● **Task statement**: Exactly the lines below from the one with "Toothed Whales Png, Transparent Png" up to and including the one with "جفت طوطی برزیلی" make up the answer, with nothing else added.

● **Extracted material**:
====================

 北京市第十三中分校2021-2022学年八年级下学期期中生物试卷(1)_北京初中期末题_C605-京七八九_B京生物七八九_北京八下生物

====================

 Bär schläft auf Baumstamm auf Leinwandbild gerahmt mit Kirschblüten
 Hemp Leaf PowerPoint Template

====================

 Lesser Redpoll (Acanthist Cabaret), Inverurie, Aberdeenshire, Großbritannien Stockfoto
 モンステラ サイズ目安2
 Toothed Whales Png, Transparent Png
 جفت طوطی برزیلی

====================

● **Exercise response**:
 Toothed Whales Png, Transparent Png
 جفت طوطی برزیلی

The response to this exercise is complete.